Exaspérée par les abus commis par l'EIIL et par sa volonté de dominer la rébellion, une coalition regroupant en grande majorité des islamistes a déclaré la guerre il y a une semaine au groupe jihadiste.

Dans une contre-attaque, l'EIIL a fait exploser plusieurs voitures piégées mercredi soir contre des postes de contrôle rebelles.

«Au moins neuf personnes ont péri dans un attentat de l'EIIL contre un barrage rebelle à al-Bab», dans la province d'Alep, a ainsi rapporté à l'AFP Rami Abdel Rahmane, directeur de l'OSDH.

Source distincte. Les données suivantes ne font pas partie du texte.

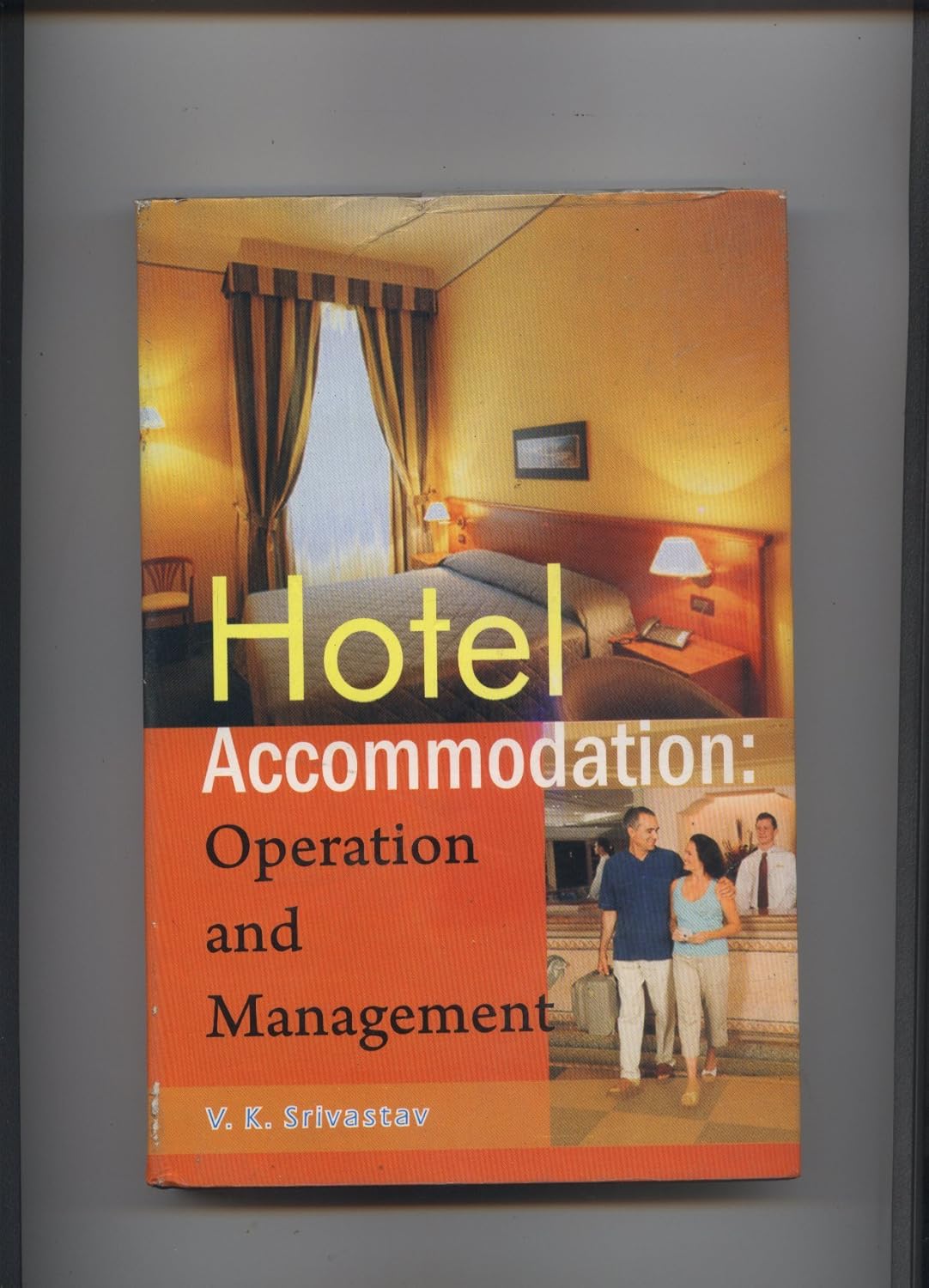 Hotel Accommodation: Operation & Management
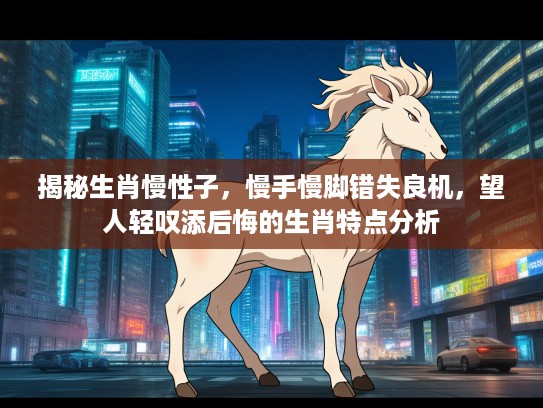 揭秘生肖慢性子，慢手慢脚错失良机，望人轻叹添后悔的生肖特点分析
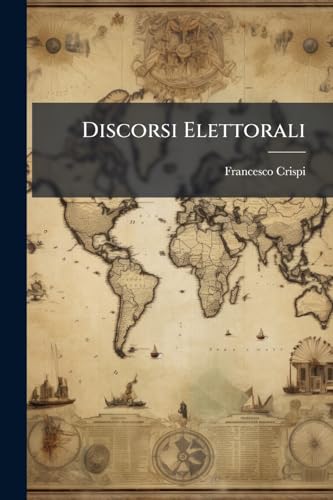 Discorsi Elettorali (Italian Edition)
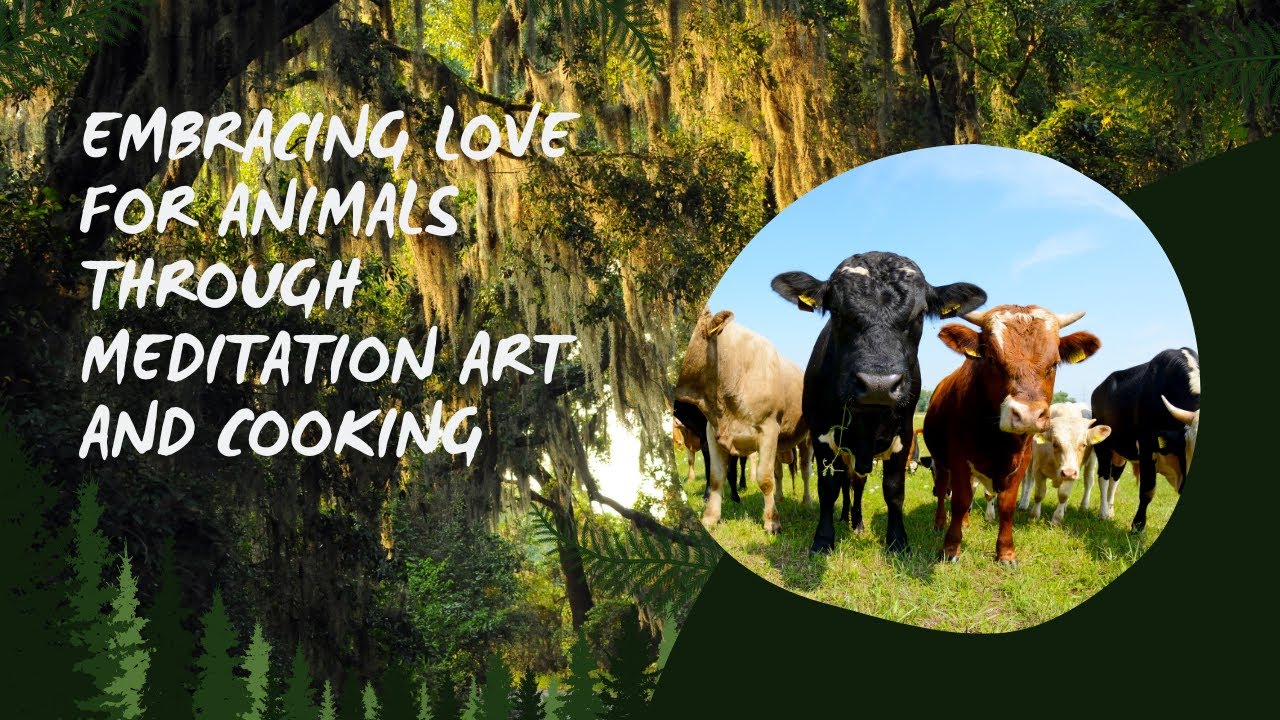 Embracing Love for Animals Through Meditation Art and Cooking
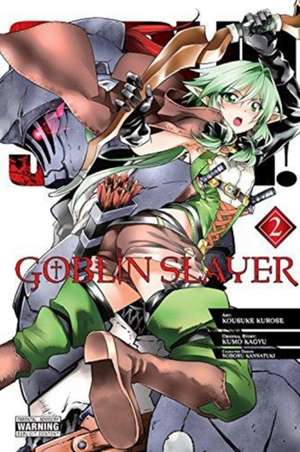 Goblin Slayer, Vol. 2 (manga) de Kumo Kagyu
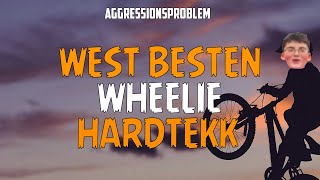 WEST BESTEN WHEELE HARDTEKK [upl. by Ayrad649]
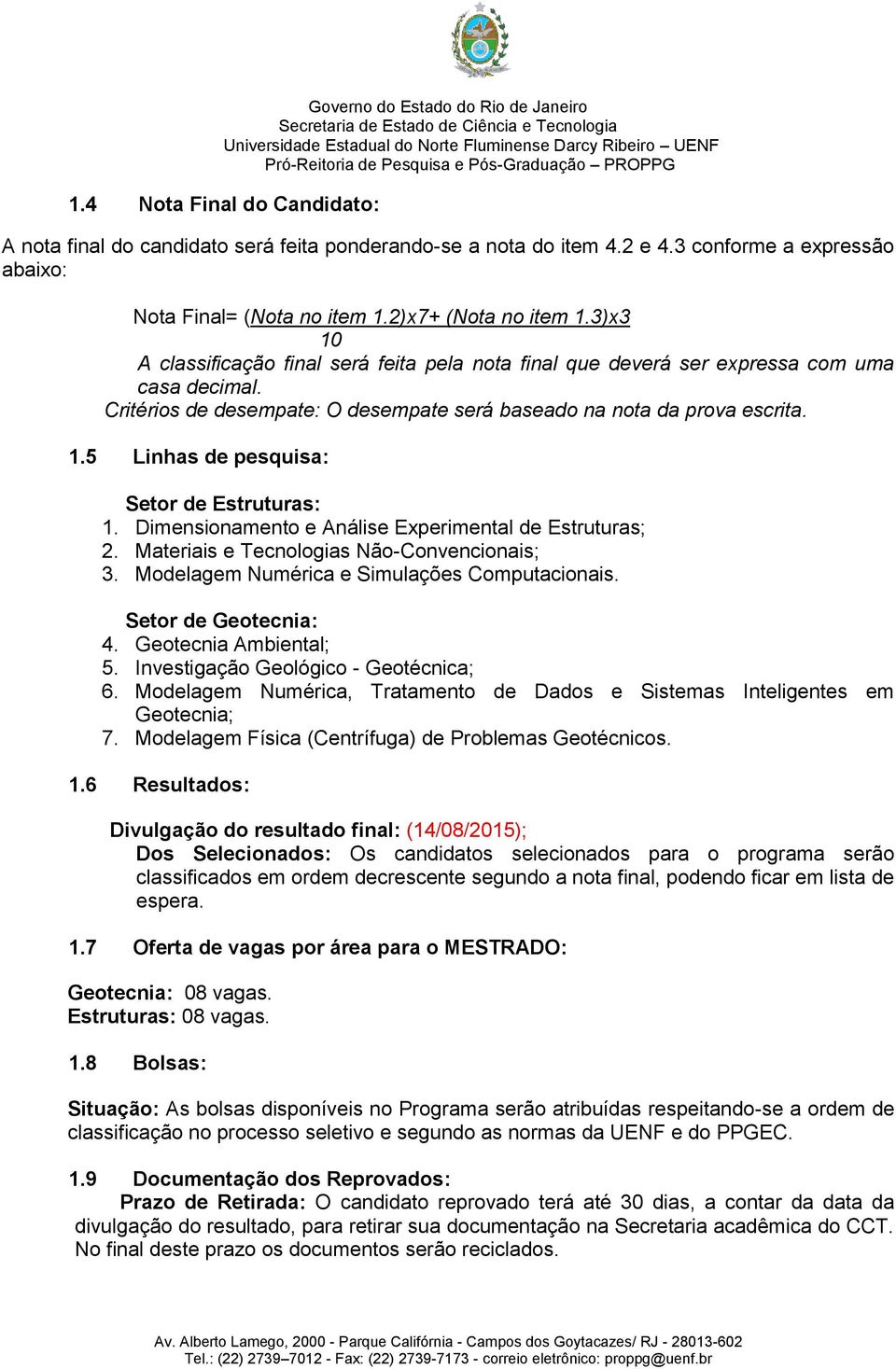 Dimensionamento e Análise Experimental de Estruturas; 2. Materiais e Tecnologias Não-Convencionais; 3. Modelagem Numérica e Simulações Computacionais. Setor de Geotecnia: 4. Geotecnia Ambiental; 5.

D'autres attaques ont eu lieu dans cette province et celle de Deir Ezzor (est), tandis que des combats ont fait rage dans les provinces de Raqa, Idleb et Alep.

À Raqa (nord), les rebelles ont pris le contrôle d'une position stratégique à 400 mètres du QG de l'EIIL, qui contrôle cette ville.

Dans le même temps, les rebelles ont tenté de briser l'étau qui enserre depuis plus d'un an certains quartiers du centre de Homs. Mais ils ont été «pris dans une embuscade par les forces du régime», a déclaré M. Abdel Rahmane.

Guerre d'usure

Selon des experts, l'EIIL, qui a parallèlement pris le contrôle de zones urbaines dans l'ouest de l'Irak, ne peut pas gagner en Syrie, mais il sera difficile de le chasser du pays.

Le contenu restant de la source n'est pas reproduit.